Chloe slouched forward on the couch. She adjusted the frayed hems of her jeans and her smoke-skunked hair fell around her face.
“I should have straightened up before you came. I should have cleaned,” Lydia said.
Chloe glanced around the box-lined room. Furniture blinked back along with the crested eyes of the knitted quilt that hung from the wall. She looked back at her mother whose jaw worked back and forth.
“Do you want a drink?” Chloe asked.
Lydia nodded a couple beats, scraping her teeth forward, then said, “A drink? From what?”
Chloe stood up and straightened her shirt. “From, uh, from the tap, Mom.”
“Don’t touch my sink,” Lydia replied.
“So you don’t want water?”
“Sit still a bit. You’re stirring up all the dust. Look at this dust.” Lydia hooked with an arthritic finger across the end table, and Chloe furrowed her brow at the streak left by her mother’s skin.
“There’s no dust, Mom,” Chloe said.
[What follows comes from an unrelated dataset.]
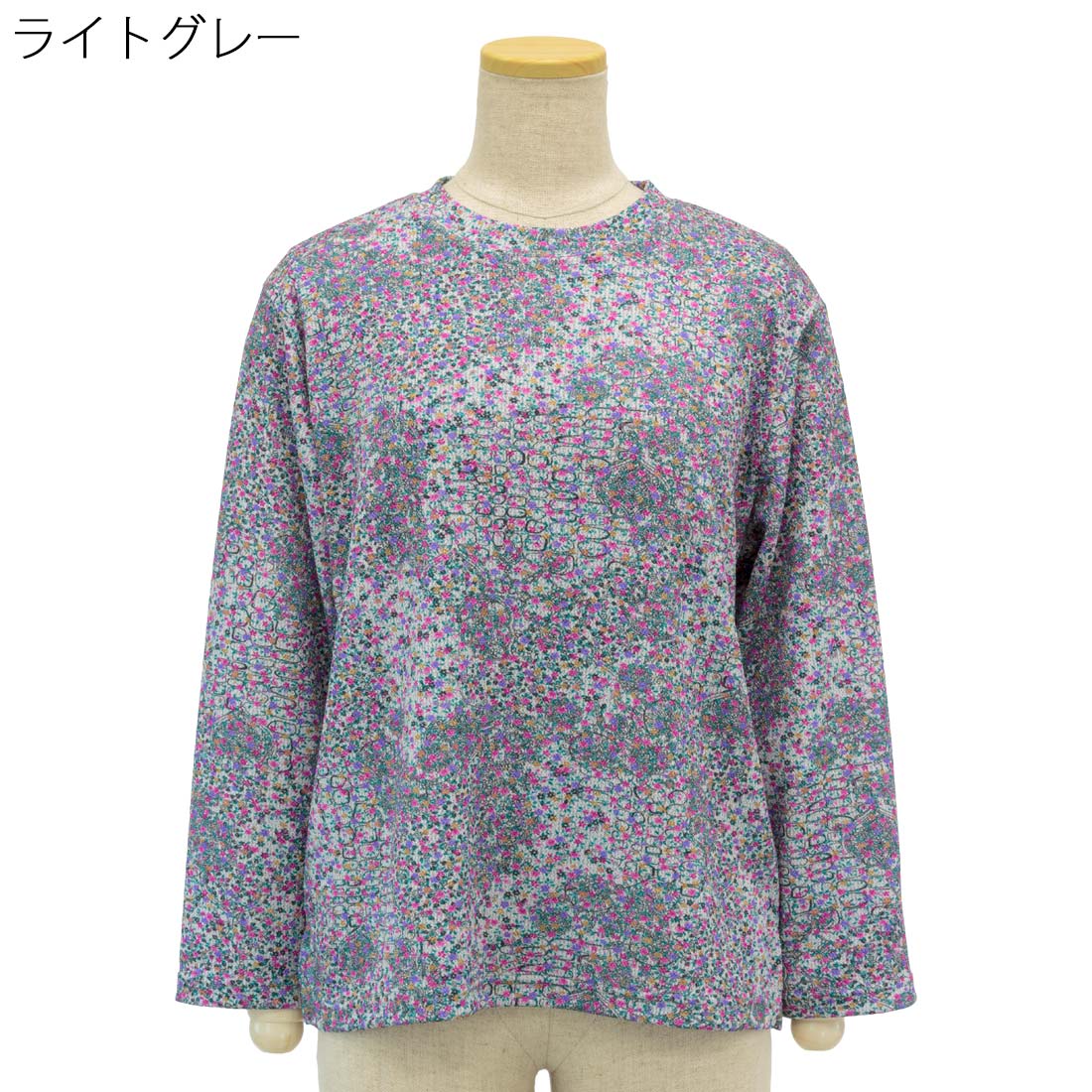 シニア向け 京染 ちりめん カットソー Tブラウス 日本製 小さいサイズ トップス シニアファッション レディース 高齢者 70代 80代 90代 部屋着 外出着にも デイサービス、施設準備にも おしゃれ 通販 プレゼント 母の日ギフトにも 高齢者 cocorono22-10005073 cocorono 楽天市場店 サンプル画像3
She scratched the corner of her eye; she knew this exchange by rote.
“No dust,” Lydia said. “You never knew anything about it.”
Chloe sighed, looked around the room, and planted her gaze on the bookshelf and the empty, open-mouthed box that waited to devour the last of her mother’s possessions. She thought of ways she could pack her mother’s books away without her noticing, without her mother preventing her from cutting the last root to the place.
Lydia coughed a wet cough and Chloe met the corner of her mother’s eye.
Chloe said, “Let me get you a sweater, you’re trembling.”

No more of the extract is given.